# Exercise material

━━━━

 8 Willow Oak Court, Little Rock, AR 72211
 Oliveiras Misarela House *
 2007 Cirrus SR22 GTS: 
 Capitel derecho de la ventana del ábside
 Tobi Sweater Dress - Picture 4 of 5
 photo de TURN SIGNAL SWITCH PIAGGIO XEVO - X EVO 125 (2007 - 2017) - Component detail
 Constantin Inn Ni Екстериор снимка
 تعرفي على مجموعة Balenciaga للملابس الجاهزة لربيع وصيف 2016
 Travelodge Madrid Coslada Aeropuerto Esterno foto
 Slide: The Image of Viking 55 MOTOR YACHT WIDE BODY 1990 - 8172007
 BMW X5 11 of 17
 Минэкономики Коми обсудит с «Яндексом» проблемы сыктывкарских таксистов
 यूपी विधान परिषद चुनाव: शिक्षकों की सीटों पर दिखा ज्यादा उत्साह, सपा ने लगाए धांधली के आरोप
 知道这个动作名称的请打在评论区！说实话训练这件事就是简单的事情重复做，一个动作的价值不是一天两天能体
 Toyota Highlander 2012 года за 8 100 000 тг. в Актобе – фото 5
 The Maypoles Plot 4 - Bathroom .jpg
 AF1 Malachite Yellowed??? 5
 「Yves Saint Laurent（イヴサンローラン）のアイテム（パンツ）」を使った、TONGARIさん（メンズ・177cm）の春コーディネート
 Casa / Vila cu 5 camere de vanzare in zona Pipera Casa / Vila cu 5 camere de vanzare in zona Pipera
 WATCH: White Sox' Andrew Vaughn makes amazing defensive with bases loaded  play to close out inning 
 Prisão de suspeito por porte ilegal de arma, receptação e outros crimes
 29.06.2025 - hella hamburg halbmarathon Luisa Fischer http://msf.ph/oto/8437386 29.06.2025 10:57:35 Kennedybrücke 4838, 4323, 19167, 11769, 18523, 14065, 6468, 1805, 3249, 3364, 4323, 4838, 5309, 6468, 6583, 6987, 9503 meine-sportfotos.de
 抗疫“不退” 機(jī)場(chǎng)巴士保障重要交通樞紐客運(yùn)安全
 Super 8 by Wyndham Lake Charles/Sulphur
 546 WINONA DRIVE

━━━━

# Problem details
Each line of the records above should be copied exactly.

# Exercise response
 8 Willow Oak Court, Little Rock, AR 72211
 Oliveiras Misarela House *
 2007 Cirrus SR22 GTS: 
 Capitel derecho de la ventana del ábside
 Tobi Sweater Dress - Picture 4 of 5
 photo de TURN SIGNAL SWITCH PIAGGIO XEVO - X EVO 125 (2007 - 2017) - Component detail
 Constantin Inn Ni Екстериор снимка
 تعرفي على مجموعة Balenciaga للملابس الجاهزة لربيع وصيف 2016
 Travelodge Madrid Coslada Aeropuerto Esterno foto
 Slide: The Image of Viking 55 MOTOR YACHT WIDE BODY 1990 - 8172007
 BMW X5 11 of 17
 Минэкономики Коми обсудит с «Яндексом» проблемы сыктывкарских таксистов
 यूपी विधान परिषद चुनाव: शिक्षकों की सीटों पर दिखा ज्यादा उत्साह, सपा ने लगाए धांधली के आरोप
 知道这个动作名称的请打在评论区！说实话训练这件事就是简单的事情重复做，一个动作的价值不是一天两天能体
 Toyota Highlander 2012 года за 8 100 000 тг. в Актобе – фото 5
 The Maypoles Plot 4 - Bathroom .jpg
 AF1 Malachite Yellowed??? 5
 「Yves Saint Laurent（イヴサンローラン）のアイテム（パンツ）」を使った、TONGARIさん（メンズ・177cm）の春コーディネート
 Casa / Vila cu 5 camere de vanzare in zona Pipera Casa / Vila cu 5 camere de vanzare in zona Pipera
 WATCH: White Sox' Andrew Vaughn makes amazing defensive with bases loaded  play to close out inning 
 Prisão de suspeito por porte ilegal de arma, receptação e outros crimes
 29.06.2025 - hella hamburg halbmarathon Luisa Fischer http://msf.ph/oto/8437386 29.06.2025 10:57:35 Kennedybrücke 4838, 4323, 19167, 11769, 18523, 14065, 6468, 1805, 3249, 3364, 4323, 4838, 5309, 6468, 6583, 6987, 9503 meine-sportfotos.de
 抗疫“不退” 機(jī)場(chǎng)巴士保障重要交通樞紐客運(yùn)安全
 Super 8 by Wyndham Lake Charles/Sulphur
 546 WINONA DRIVE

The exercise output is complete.